With the continuous improvement of the scientific and technical level, robots with various functions are produced. However, under some conditions of limited space and extreme road conditions, most of the walking structures of the robots show the defects of being too complex, large in structural size, poor in road condition adaptability, too single in function, not having certain impact resistance in the whole, rigid impact between the link parts and the like.
Therefore, a new robot walking structure is urgently needed to solve the above problems. The invention related to the bionic structure of the leg of the sea cockroach is not found in the existing patent search, and the significance of the invention is more confirmed through the analysis.
Disclosure of Invention
The invention aims to provide a bionic sea cockroach leg structure with a buffering function.

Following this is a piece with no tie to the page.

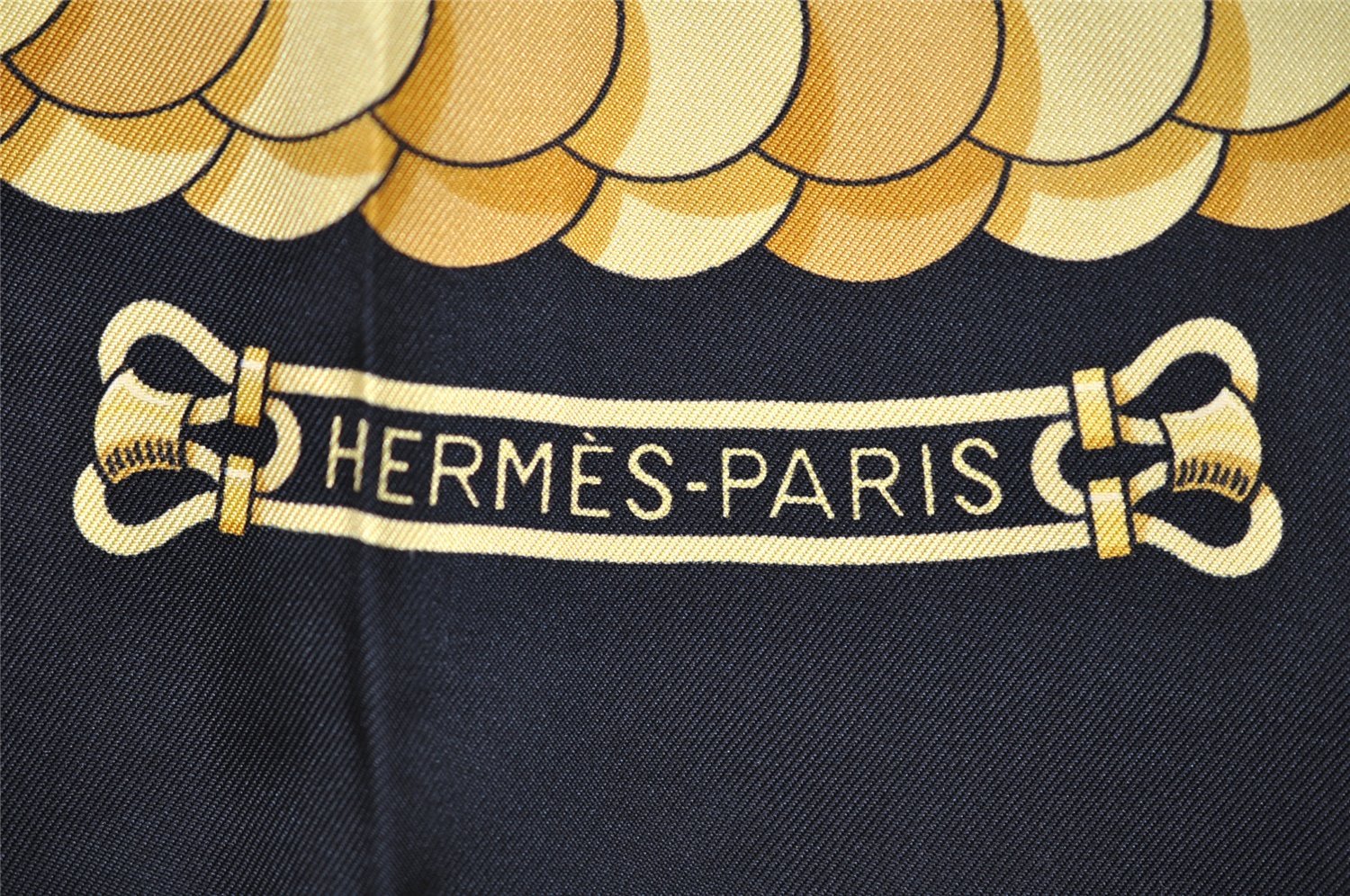 Authentic HERMES Carre 90 Scarf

In order to achieve the purpose, the invention adopts the following technical scheme:
a bionic sea cockroach leg structure with buffering function comprises a power source connecting device, a plurality of sequentially connected bionic limb joints and a claw arranged on the most tail end bionic limb joint, wherein the claw is provided with a groove
The power source connecting device comprises a limiting block and a power output rod;
the most front bionic limb joint is connected with the power output rod, the adjacent bionic limb joints are movably connected through a connecting piece, and a corner limiting structure and a buffer structure are arranged between the adjacent bionic limb joints, so that each bionic limb joint can be freely adjusted within a certain angle range;
the claw and the tail-most bionic limb joint are rotationally connected through a connecting piece, and a locking limiting structure is arranged between the claw and the tail-most bionic limb joint, so that the claw can be freely adjusted within a certain angle range.
As the improvement of the technical scheme, the power source connecting device is used for connecting the power source of the robot with the bionic limb joint, the limiting blocks are arranged on the robot, the gaps of the limiting blocks are adjustable, one end of the power output rod is connected with the power source of the robot, the other end of the power output rod is fixed on a ball hinge, and the ball hinge is arranged at the top end of the most front bionic limb joint.
As an improvement of the above technical scheme, the bionic limb joint comprises a first limb joint, a second limb joint, a third limb joint, a fourth limb joint, a fifth limb joint and a sixth limb joint which are sequentially connected, wherein the power output rod is connected with the first limb joint, and the hook claw is arranged at the tail end of the sixth limb joint.
As an improvement of the above technical scheme, the tail ends of the first to fifth limb sections are provided with corner limiting blocks, the lower parts of the corner limiting blocks are provided with buffering pads to form a corner limiting structure and a buffering structure, the tail end of the sixth limb section is provided with a claw locking rod and a claw limiting rod to form a locking limiting structure, and the tail end of the sixth limb section is provided with a buffering pad.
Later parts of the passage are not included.